Netcore, Netis routers have hardcoded password, Trend Micro says
A line of routers from a China-based manufacturer has a serious flaw that could allow a hacker to monitor someone’s Internet traffic, according to research from Trend Micro.
The routers are sold under the Netcore brand name in China and Netis outside of the country, wrote Tim Yeh a threat researcher.
Trend found a “backdoor,” or a semi-secret way to access the device, Yeh wrote. The password needed to open up the backdoor is hardcoded into the device’s firmware. All of the routers appear to have the same password.
“Attackers can easily log into these routers, and users cannot modify or disable this backdoor,” he wrote.
Backdoors can be used for legitimate product support, but coding such access methods into software is generally discouraged for fear of abuse.
The Netcore and Netis routers have an open UDP port, 53413, which can be queried since the routers have an externally accessible IP address, Yeh wrote. Trend Micro scanned the Internet and found more than 2 million IP addresses with the open UDP port, which could indicate vulnerable equipment.
“Almost all of these routers are in China, with much smaller numbers in other countries, including but not limited to South Korea, Taiwan, Israel, and the United States,” Yeh wrote.
Trend Micro has notified the company but did not receive a response. Company officials reached in Shenzhen didn’t have an immediate comment.
By using the backdoor, an attacker could upload or download files to the device.

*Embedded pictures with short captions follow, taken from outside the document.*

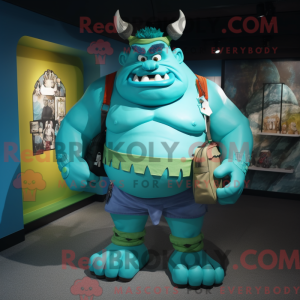 Turkis Ogre maskot kostume...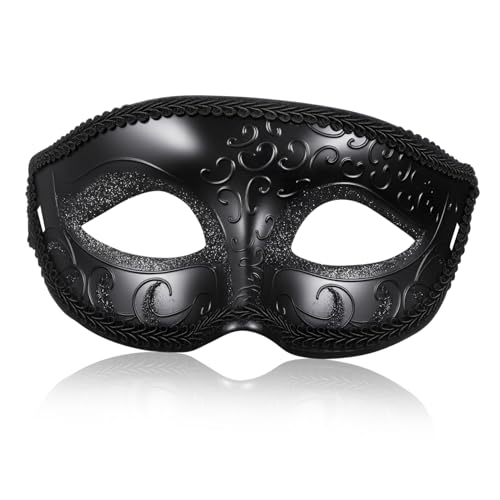 HEALSOPTHY Schwarze Masquerade Maske aus Stabilem Kunststoff für Halloween Karneval Maskenball und Cosplay Partys Stilvolles Kostüm Accessoire für Damen und Herren von HEALSOPTHY
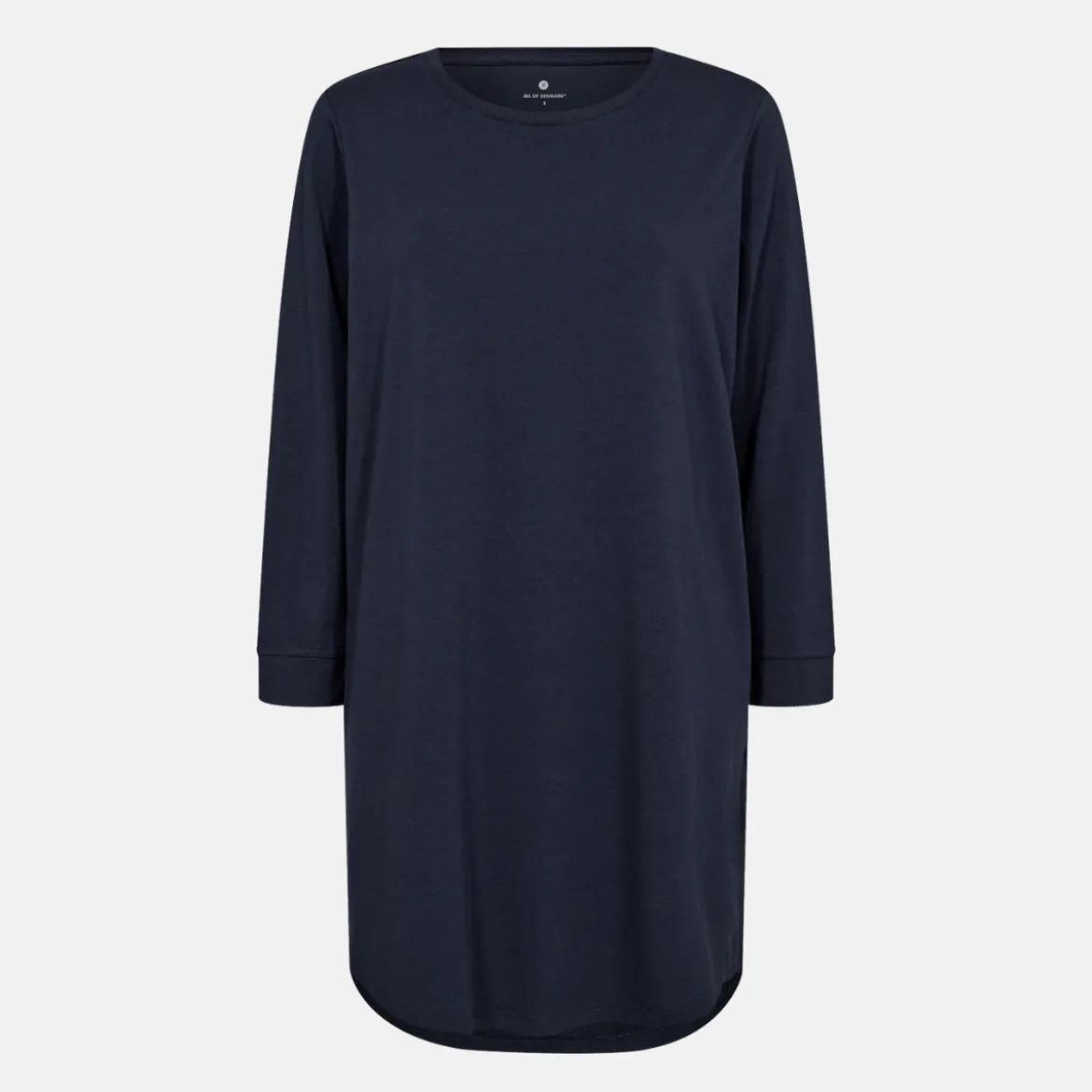 Blå langærmet bambus T-shirt kjole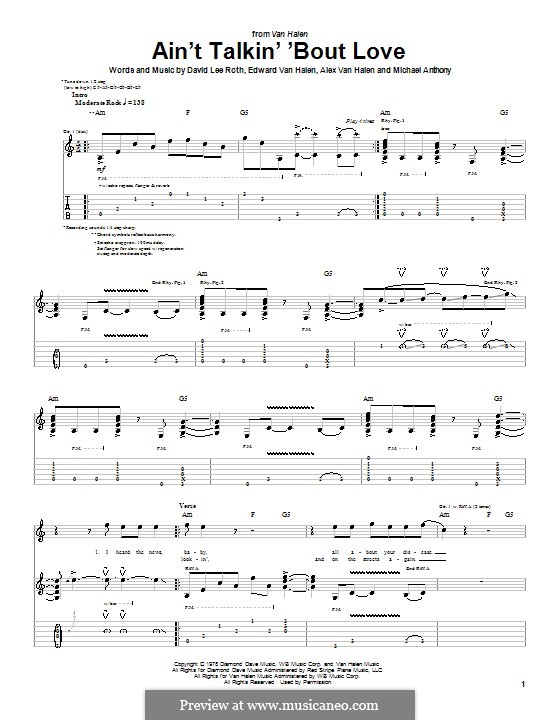 Ain't Talkin' 'Bout Love (Van Halen): For guitar with tab by Alex Van Halen, David Lee Roth, Edward Van Halen, Michael Anthony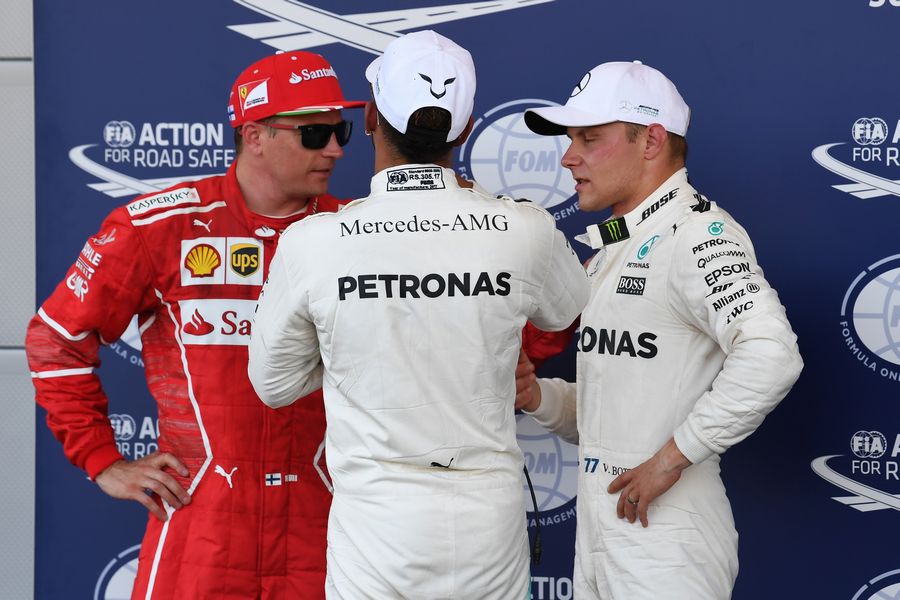 Kimi Raikkonen, Lewis Hamilton and Valtteri Bottas in parc ferme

A router’s settings could also be changed to allow a hacker to monitor a person’s Internet traffic as part of a man-in-the-middle attack, Yeh wrote.
Trend also found that a file containing a username and password for the routers’ Web-based administration control panel is stored unencrypted, which could be downloaded by an attacker.
It doesn’t appear that most Netcore and Netis routers support the installation of other open-source firmware packages, such as dd-wrt or Tomato, that could be used to replace the vulnerable software, Yeh wrote.
“Aside from that, the only adequate alternative would be to replace these devices,” he wrote.